● Records excerpted from a collection:

· · · · ·

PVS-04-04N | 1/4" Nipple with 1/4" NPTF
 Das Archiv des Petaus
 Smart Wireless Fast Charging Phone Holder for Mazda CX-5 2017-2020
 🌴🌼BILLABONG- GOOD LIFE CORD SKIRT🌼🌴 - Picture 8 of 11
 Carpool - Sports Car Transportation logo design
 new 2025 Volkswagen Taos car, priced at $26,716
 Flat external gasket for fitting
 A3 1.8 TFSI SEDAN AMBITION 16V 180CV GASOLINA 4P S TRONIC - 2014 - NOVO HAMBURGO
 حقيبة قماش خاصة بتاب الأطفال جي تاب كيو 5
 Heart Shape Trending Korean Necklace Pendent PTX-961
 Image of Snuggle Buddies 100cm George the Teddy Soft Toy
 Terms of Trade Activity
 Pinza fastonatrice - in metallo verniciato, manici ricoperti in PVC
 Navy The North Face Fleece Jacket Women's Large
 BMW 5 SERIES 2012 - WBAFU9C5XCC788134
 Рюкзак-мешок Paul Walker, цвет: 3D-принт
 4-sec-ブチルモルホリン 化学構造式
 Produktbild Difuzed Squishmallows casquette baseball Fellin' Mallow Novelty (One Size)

· · · · ·

● PROBLEM TO WORK ON: An exact copy of the data is needed, running from its first line through the line that holds "new 2025 Volkswagen", and nothing beyond that.

● SOLUTION FOR THIS PROBLEM:
PVS-04-04N | 1/4" Nipple with 1/4" NPTF
 Das Archiv des Petaus
 Smart Wireless Fast Charging Phone Holder for Mazda CX-5 2017-2020
 🌴🌼BILLABONG- GOOD LIFE CORD SKIRT🌼🌴 - Picture 8 of 11
 Carpool - Sports Car Transportation logo design
 new 2025 Volkswagen Taos car, priced at $26,716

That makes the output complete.